You aren’t expected to learn how to write this sort of code for yourself. Instead, regard the following as a demonstration of how we can use the sklearn package to create and train an MLP, illustrating exactly what steps are involved in the process and how much code it takes.
So let’s see how it works…
2.4.1 Creating a training dataset¶
The code below will load a set of training pairs of data based on the fruit measurement data into a pandas dataframe.
Run the cell to load the values into the dataframe and preview the result.
df = pd.DataFrame([['Pear', [5.2, 3.1]], ['Pear', [6.3, 2.4]],
['Pear', [6.7, 1.8]], ['Pear', [5.3, 2.9]],
['Banana', [8.5, 1.9]], ['Banana', [8.3, 1.6]],
['Banana', [9.7, 2.0]], ['Banana', [7.5, 1.7]],
['Strawberry', [2.1, 1.4]], ['Strawberry', [2.8, 1.8]],
['Strawberry', [2.0, 1.8]], ['Strawberry', [2.2, 2.0]],
['Orange', [4.7, 4.5]], ['Orange', [4.6, 4.2]],
['Orange', [4.6, 4.1]], ['Orange', [4.0, 3.7]]
],
columns = ['Fruit', 'Input'])
# Preview the first six rows
df.head(6)
These measurement-label pairs are called the training data.
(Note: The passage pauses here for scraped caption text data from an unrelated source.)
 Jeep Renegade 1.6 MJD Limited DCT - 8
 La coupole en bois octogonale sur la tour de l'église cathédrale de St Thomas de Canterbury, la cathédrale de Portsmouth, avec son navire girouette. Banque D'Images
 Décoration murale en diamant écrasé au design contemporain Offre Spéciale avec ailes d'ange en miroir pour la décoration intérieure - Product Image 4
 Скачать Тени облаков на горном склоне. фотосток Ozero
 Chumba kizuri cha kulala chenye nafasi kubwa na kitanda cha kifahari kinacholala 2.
Once a system has been trained, it can be tested using previously unseen data of a similar form to the training data. In this case, given the input features (the x and y bounding box measurements), the network will generate a prediction of which class the network ‘thinks’ the measurements are associated with and can then check this prediction against the supplied category.
The network can also be tested using just the bounding box measurements, in which case the prediction cannot be automatically checked, but does mean we can test data that has never been seen or previously categorised and labelled before.
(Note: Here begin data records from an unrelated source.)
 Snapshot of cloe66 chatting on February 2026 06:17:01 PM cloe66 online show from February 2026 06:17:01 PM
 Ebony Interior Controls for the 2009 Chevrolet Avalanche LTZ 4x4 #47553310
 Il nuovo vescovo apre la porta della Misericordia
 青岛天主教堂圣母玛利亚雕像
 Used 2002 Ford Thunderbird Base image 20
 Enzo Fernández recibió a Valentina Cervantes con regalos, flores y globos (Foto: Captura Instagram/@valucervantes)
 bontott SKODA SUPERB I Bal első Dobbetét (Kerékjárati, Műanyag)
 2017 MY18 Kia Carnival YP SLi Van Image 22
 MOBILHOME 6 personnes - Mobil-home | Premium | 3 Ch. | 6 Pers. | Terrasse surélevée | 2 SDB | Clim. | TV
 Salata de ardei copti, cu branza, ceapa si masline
2.4.2 Initialising the network structure¶
With the data in place, let’s start to prepare things for our network. We don’t actually need to define the number of input and output nodes (because they can be calculated from the number of provided output categories), but let’s make a note of the number we think there are anyway.
For example, we expect the number of input nodes to be two, one for the x-value and one for the y-value; the number of output nodes should be four, one for each fruit category.
We do need to specify the number of hidden neurons though, so let’s have two layers with six nodes in each.
hidden_nodes = (6, 6)
2.4.3 Initialising and training the network¶
Run the following code cell to create the initial neural network with the required number of hidden nodes:
from sklearn.neural_network import MLPClassifier
fruit = MLPClassifier(hidden_layer_sizes=hidden_nodes, max_iter=20)
With the max_iter set to the low value of 20, this means that we will show the network twenty inputs, and update its weights just twenty times.
We would not really expect such a network to learn very much at all using this strategy, but let’s try it anyway.
Run the following code cell to train the network, or ‘fit the model’, and then check to see how well it performs against each item in the dataframe.
Note that by fitting the data to the model, the number of inputs and outputs are automatically determined from the input data.
Ignore any ConvergenceWarning warning.
# Fit the model
# The first argument is a list of feature lists
fruit.fit(df['Input'].to_list(), df['Fruit'])
We can now preview the size of the network that has been created:
fruit.n_features_in_, fruit.n_layers_, fruit.n_outputs_, fruit.hidden_layer_sizes
We can import a convenience function that will present this as a simple report:
from nn_tools.network_views import network_structure
network_structure(fruit)
One of the defining features of an MLP network is that it is fully connected, which is to say that all the input nodes are connected to all the nodes in the first hidden layer; all the nodes in the first hidden layer are connected to all the nodes in the second hidden layer; and all the nodes in the second hidden layer are connected to all the nodes in the output layer.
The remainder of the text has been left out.